## [Input data]
○ ○ ○ ○

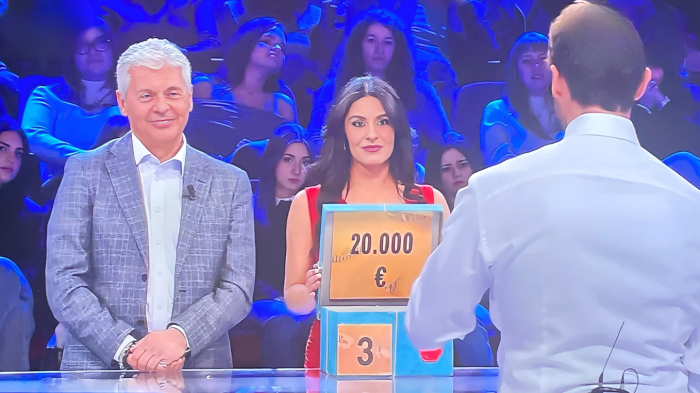 Affari Tuoi stasera in tv su Rai 1, gioca Erica dall'Abruzzo con papà Fabio e vice 20mila euro con il pacco numero 3: ecco come è andata la partita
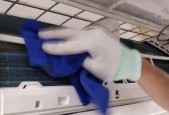 消除空调臭味，让空气清新如初（解决空调散发的异味问题）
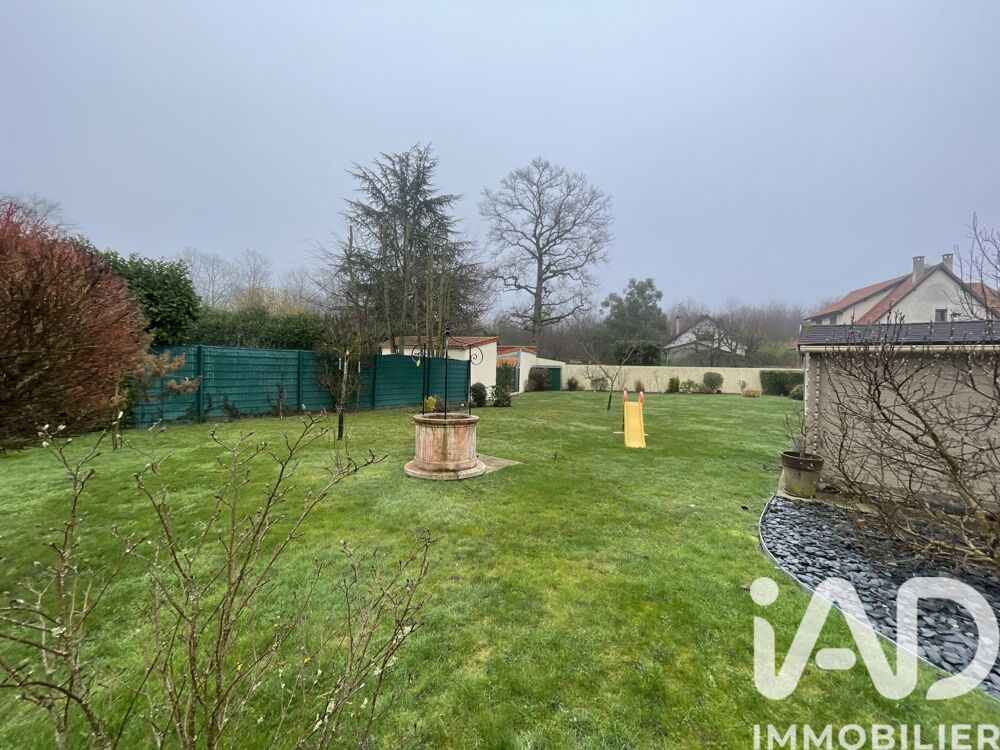 � vendre  Maison Villecresnes (94440)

○ ○ ○ ○

## [Task prompt]
Reproduce the whole listing exactly, but not the images in it.

## [Written answer]
 Affari Tuoi stasera in tv su Rai 1, gioca Erica dall'Abruzzo con papà Fabio e vice 20mila euro con il pacco numero 3: ecco come è andata la partita
 消除空调臭味，让空气清新如初（解决空调散发的异味问题）
 � vendre  Maison Villecresnes (94440)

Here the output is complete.